Besides which, and I don’t want this to sound cloyingly wholesome, she had enormous integrity. She was powerful enough as a human being, not only as a poet, that she had little interest in playing literary games or conducting literary feuds. When she praised a writer, it was never at the expense of someone else. She believed in a community of poets and she did not, at least in my memory, do things with ulterior motives. All this is a daunting legacy, and I do not always live up to it well.
SC: Your poem, “In Saskatoon the Ghosts,” pays homage to Anne and others. How did this poem come into being?
MA: About the time that Anne died, an old friend of mine from Saskatoon by the name of Greg Wirick lost his battle with AIDS. I was thinking about the two of them, and about Caroline Heath, who had died at a bitterly early age from breast cancer, and I realized that my younger self—the teenager who had become their friend—didn’t exist anymore. Who am I now? What relationship does this “I” have to the boy who was shaped and sharpened by Saskatoon, yet who left the place as soon as he could? Is my younger self also a kind of ghost? That’s what the poem tries to explore.
SC: How did this manuscript for When Earth Leaps Up come into being? Did you have to cull the archives for material? Did the manuscript exist as a complete draft already?
MA: Shortly after Anne’s death, when I was in Saskatoon for the funeral, I found a number of diskettes beside her computer.

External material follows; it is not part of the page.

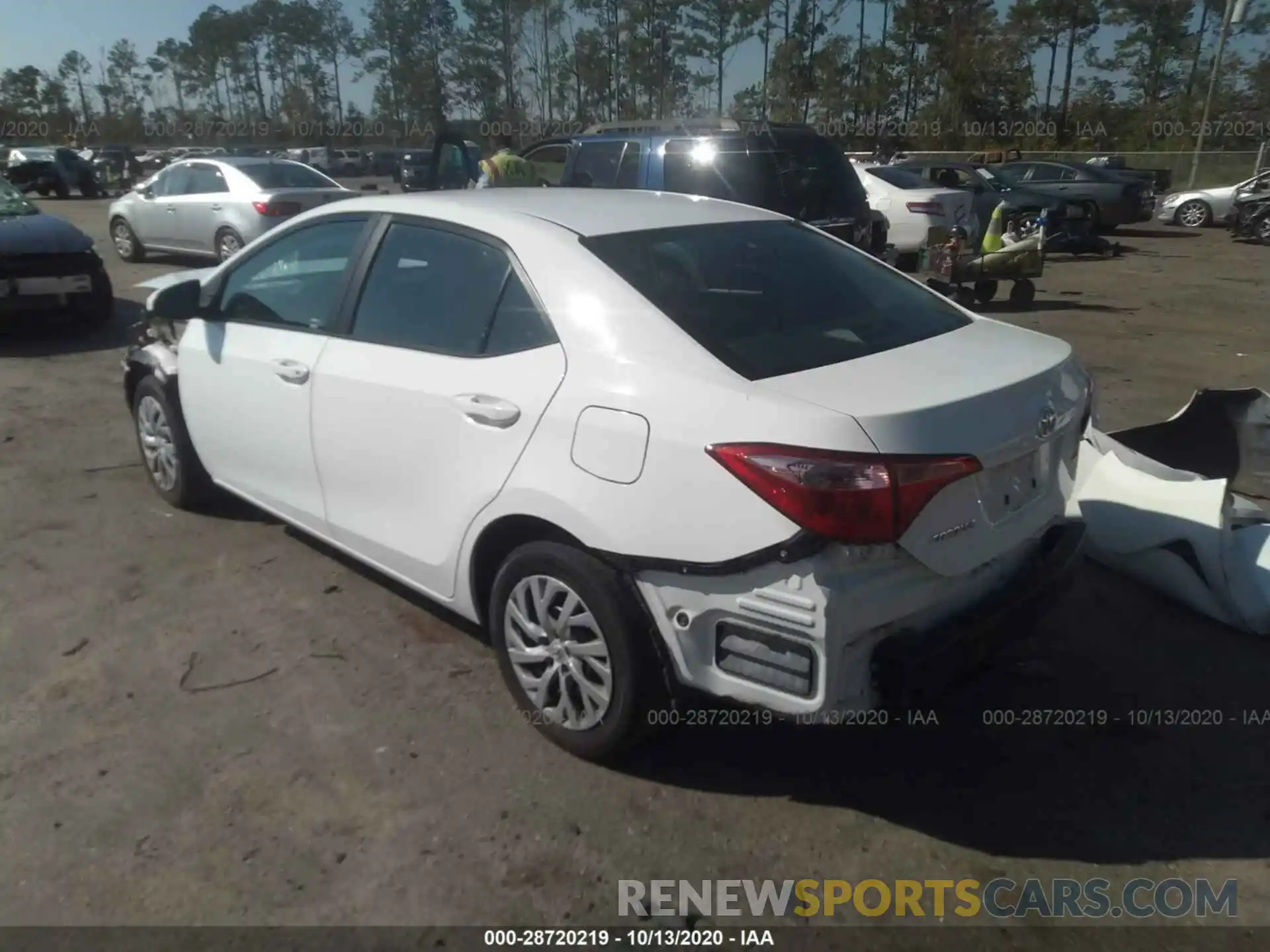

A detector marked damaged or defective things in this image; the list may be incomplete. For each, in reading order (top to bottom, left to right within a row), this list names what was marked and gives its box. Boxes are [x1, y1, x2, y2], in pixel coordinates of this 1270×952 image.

detached white bumper cover [1072, 391, 1270, 637]
crumpled front fender [1072, 391, 1270, 637] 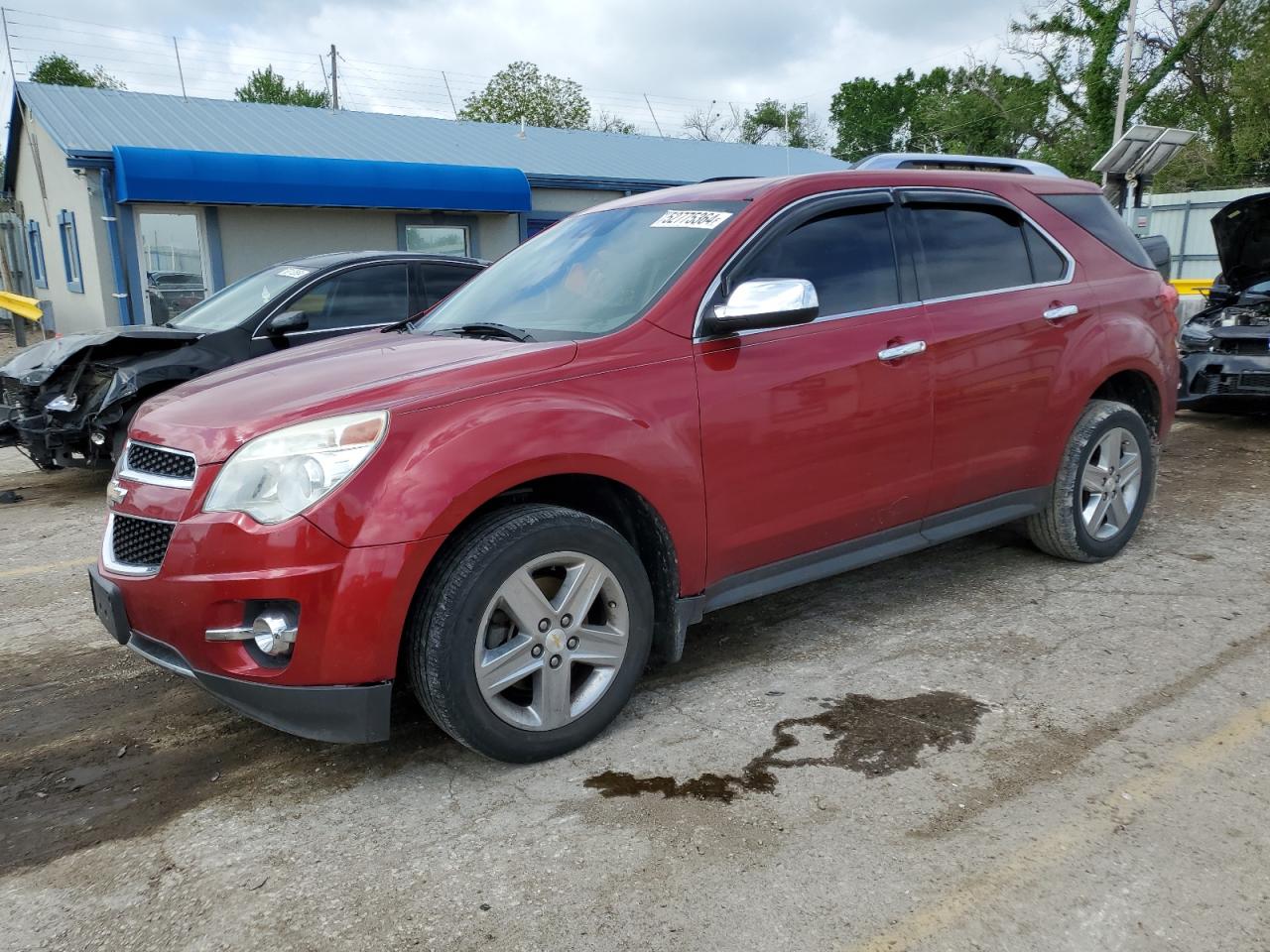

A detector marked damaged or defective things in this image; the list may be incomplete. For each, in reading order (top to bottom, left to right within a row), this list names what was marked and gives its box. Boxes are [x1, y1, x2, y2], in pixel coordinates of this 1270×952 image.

One of them was labelled Poems, and it contained 22 new pieces of work. So although this wasn’t enough for a complete manuscript, it formed a very good basis—the frame of a collection, let’s say. It seemed clear that Anne wanted these poems to be published: they weren’t anything she was trying to hide. The other 18 pieces came from various sources: typescripts and manuscripts in her home; the University of Regina archives; two late, small books that Hagios Press in Saskatoon had published; and a few other published sources of greater or lesser obscurity.
I guess I could have decided to publish nothing. That would have been a legitimate option. But I never seriously considered it. If silence is what Anne had wanted, she wouldn’t have needed a literary executor—or she would have left some kind of note indicating as much. I don’t recall Anne’s family asking me outright to embark on the project, though I think they must have expected it. And I expected it of myself.
SC: What were some of the challenges you faced in readying this manuscript for publication?
MA: Apart from the issue of finding time to do the job well, the main difficulty was that some of the poems exist in different versions. The typescripts don’t always match the diskettes. Something that was published in one place may have been revised a couple of years later. And even though Anne had made a concerted attempt to tidy up her files, the effort was, let’s say, incomplete. She almost never dated her work, which didn’t help matters. Several times I thought I’d made a great discovery, only to find that the poem had been included, in a somewhat different form, in one of her earlier books.